The conjunction of two events could have heightened Essex County concerns. On Friday, June 10, Bridget Bishop was hanged on Gallows Hill in Salem, without, remarked Robert Calef, “the least Confession of any thing relating to Witchcraft.” The judges probably did not attend the execution, but at least one of the afflicted accusers, Sarah Vibber, was there.
33

On Saturday, June 11, a large band of Wabanakis (led by Madockawando, Moxis, Edgeremet, Worombe, and others), accompanied by some French officers and men, attacked Wells, which was but lightly defended. Settlers took refuge in the garrison; some men were on board sloops in the harbor. The enemy assaulted both the ships and the garrison, but could take neither, despite a two-day-long battle that continued into Sunday night. Eventually, they burned the town and killed all the livestock they could find, while terming the garrison’s defenders cowards for refusing to come out to fight. Cotton Mather later wrote that in their frustration the Wabanakis “fell to Threatning and Raging, like so many Defeated Devils.” They took a captive from the town “out of Gun-Shot,” torturing him “after a manner very Diabolical” in the sight of the horrified people in the garrison. “They Stripped him, they Scalped him alive, and after a Castration . . . they Slit him with Knives, between his Fingers and his Toes; They made cruel Gashes in the most Fleshy parts of his body, and stuck the Gashes with Firebrands, which were afterwards found Sticking in the wounds.” Thus, concluded Mather, “they Butchered One poor Englishman, with all the Fury that they would have spent upon them all.”
34

Did anyone view the attack as revenge for Goody Bishop’s execution? It would have been easy for New Englanders to reach such a conclusion, but no such reasoning is recorded in surviving documents.

QUESTIONS AND CAVEATS BEGIN

Following the hanging of Bridget Bishop, afflictions in Salem Village ceased almost entirely for two full weeks. Between June 10 and June 24, specters tortured only three victims, and no new suspects were jailed. Of those three sufferers, just one—Susannah Sheldon—was included in the core group. The first victim was Jonathan Putnam, Sergeant Thomas’s younger cousin. When his sudden illness appeared attributable to witchcraft, the family called in Mercy Lewis, who the previous month had identified the apparitions tormenting members of the Wilkins clan. This time, she named Rebecca Nurse and Martha Carrier as those responsible for Jonathan’s condition. Three days later, Jemima Rea, the eleven-year-old daughter of a King Philip’s War veteran, likewise accused Rebecca Nurse—along with her sister Sarah Cloyce and a third woman—of causing her “strange fitts.” Finally, on Tuesday, June 21, Sheldon charged the specters of Lydia Dustin and Sarah Good with conducting a concerted campaign against her.
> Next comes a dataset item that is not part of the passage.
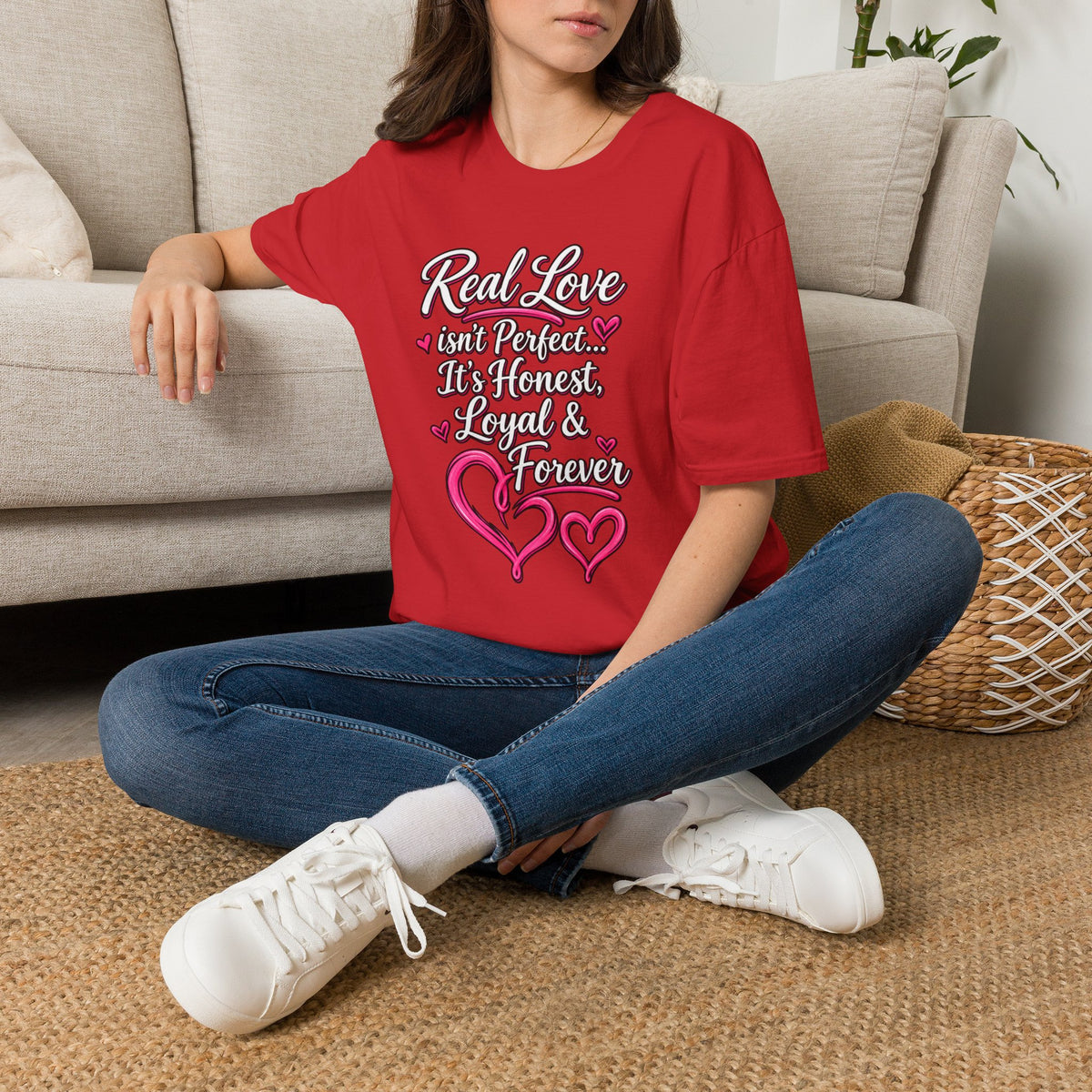T-Shirt — "Real Love Isn't Perfect, It's Honest, Loyal & Forever" Romantic Heart Design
The two apparitions had not only tormented her but had repeatedly tied her hands with cord, witnesses revealed, and objects had been mysteriously and frequently transported out of the house in which she was staying temporarily. (As was becoming commonplace, Sheldon’s afflictions had physical manifestations. That continued into the following week, when she once again accused Goody Good of having bound her hands so tightly she could not easily be freed.)
35

Although such events must have aroused much talk in the Village, the fact that their number and frequency were so reduced, and that the main group of accusers (with the notable exception of Sheldon) now appeared relatively free of torments, might have suggested to some that the height of the crisis had passed. Perhaps the death of Goody Bishop had served the purpose of freeing the afflicted from at least some of their sufferings, just as the conviction and execution of the Lowestoft witches in England had cured the children who complained against them. Indeed, Cotton Mather later wrote in
Wonders of
the Invisible World,
a Salem Town woman who had angered Bridget Bishop a decade earlier, and who subsequently became “Froward, Crazed . . . [and] unreasonable,” had begun to recover with the arrest of Bishop and Alice Parker. She then regained her sanity entirely after the two women were executed.
36

And perhaps the slight easing of tensions, the halt in what had been an unrelenting daily round of new bewitchments, formal accusations, and examinations, allowed some of the residents of Essex County and Boston to contemplate at slightly greater distance the bewildering events that had surrounded them for the past five months. Whether for that or some other cause, the weeks just prior to the second session of the Court of Oyer and Terminer witnessed the development of the first tentative criticisms of the proceedings.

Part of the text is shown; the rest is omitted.